It could be dangerous. Montagne is feeling wistful already and being faced with him of all people, right here, right now, might trigger something in his current fragile state of mind. Still, he turns, lays his eyes upon Tachanka who’s watching him attentively, curiously, seeming open and approachable in his casual clothing. Something takes hold of Montagne’s heart, strengthens its beat to the point where he’s sure the other man can see it through his shirt. “No”, he replies softly, “you can stay.”
A nod and Tachanka leans back, studies him mutely. Oftentimes, he has the desire to fill silences, used to distract Montagne from his thoughts as if he were afraid of what was going on in the Frenchman’s head. Now, he sits, listens to the water dripping and drumming. “What are you drinking?”, he wants to know eventually and this question is a lot easier to answer than the ones Montagne anticipated.
“Marc de Beaujolais”, he says and willingly hands the small glass over when Tachanka reaches out. There was a time where Tachanka would’ve downed the contents in one go, grimaced and then complained about the taste just to mess with him, just to break out into booming laughter and refuse to offer to get Montagne more. The playfulness between them has faded, however, there’s a distance between them, born of respect and the things Montagne said that he cannot unsay. The Russian sniffs at the clear liquid, turning the glass a little, and then hands it back with an unimpressed scowl. “It’s not for everyone”, Montagne smiles, “I haven’t had it in years. It’s Cathérine’s favourite.”
The name sparks no ill will on Tachanka's face, not anymore. She was never his rival, the divorce had been the end of her and Montagne’s relationship after all and though they were still on good terms, talked regularly, she herself never stood in the way. It was the idea of telling her about Tachanka, having to tell their daughters, exposing this side of himself that filled him with dread, made him recoil. He wasn’t comfortable with himself, had to fight the idea that his life had been a lie up to that point a year ago. It wasn’t a good environment for something as unstoppable, sensual, overbearing as Tachanka.
He misses him. There’s no sugar coating it, Montagne misses him, the lazy kisses in the morning, the neverending innuendos, the company, the carnal side of it all – his entire home, his shower, his sofa, his bed, they all whisper of panting breaths, tight embraces, muffled moans, distracted, affectionate gestures.

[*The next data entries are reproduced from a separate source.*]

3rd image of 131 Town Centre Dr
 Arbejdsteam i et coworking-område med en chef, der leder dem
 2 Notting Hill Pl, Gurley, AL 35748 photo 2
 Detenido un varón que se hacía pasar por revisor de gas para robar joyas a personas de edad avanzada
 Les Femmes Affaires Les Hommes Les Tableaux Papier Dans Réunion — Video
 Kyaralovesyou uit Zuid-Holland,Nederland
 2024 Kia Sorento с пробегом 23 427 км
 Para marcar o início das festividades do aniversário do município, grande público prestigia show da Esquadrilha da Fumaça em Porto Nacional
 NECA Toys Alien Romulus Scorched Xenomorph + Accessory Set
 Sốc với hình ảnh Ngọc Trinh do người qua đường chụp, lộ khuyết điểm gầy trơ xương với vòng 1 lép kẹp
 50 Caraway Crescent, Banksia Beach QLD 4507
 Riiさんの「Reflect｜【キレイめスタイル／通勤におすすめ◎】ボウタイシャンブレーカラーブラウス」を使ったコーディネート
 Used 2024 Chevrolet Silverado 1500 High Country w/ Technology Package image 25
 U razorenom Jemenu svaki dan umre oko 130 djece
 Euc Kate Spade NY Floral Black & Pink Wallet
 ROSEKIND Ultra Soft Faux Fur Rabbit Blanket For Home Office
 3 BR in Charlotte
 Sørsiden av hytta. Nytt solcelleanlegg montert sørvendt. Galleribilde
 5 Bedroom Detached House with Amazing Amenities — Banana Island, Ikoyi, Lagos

The months that seem endless in his head were staggeringly intense and shook him to his core. Maybe that is also why he felt the need to put an end to it: it was too much, he wasn’t prepared, lost his footing and wasn’t confident Tachanka could catch him if he fell. Tachanka never does anything half-heartedly and his confidence and devotion made Montagne feel like an impostor, as if he was leading him on. He didn’t allow himself to commit.
He regrets it.
The revelation feels like a punch to his stomach and he can’t breathe for a second, forgot how, almost breaks the delicate glass between his fingers. He thought about meeting with him, a few times, to see whether they could form a tentative friendship but ultimately didn’t for a number of reasons. Fearing that he’d come to this conclusion was one of them. They’ve moved on, asking for a second chance would be selfish, inappropriate, maybe even insulting. Tachanka accepted his decision and so should he.
“It’s fucking unbelievable how much the old bastard can drink”, Tachanka speaks up and Montagne knows exactly what he’s doing: giving him an out, an excuse to partake in small talk and then go back to the party, no harm done, no hard feelings, hardly any feelings at all. He hates that the Russian deems this necessary, assumes Montagne feels uncomfortable in his presence. Hates that he’s probably right. The rain has lessened, the noise of it allowing for his thoughts to clear up a little.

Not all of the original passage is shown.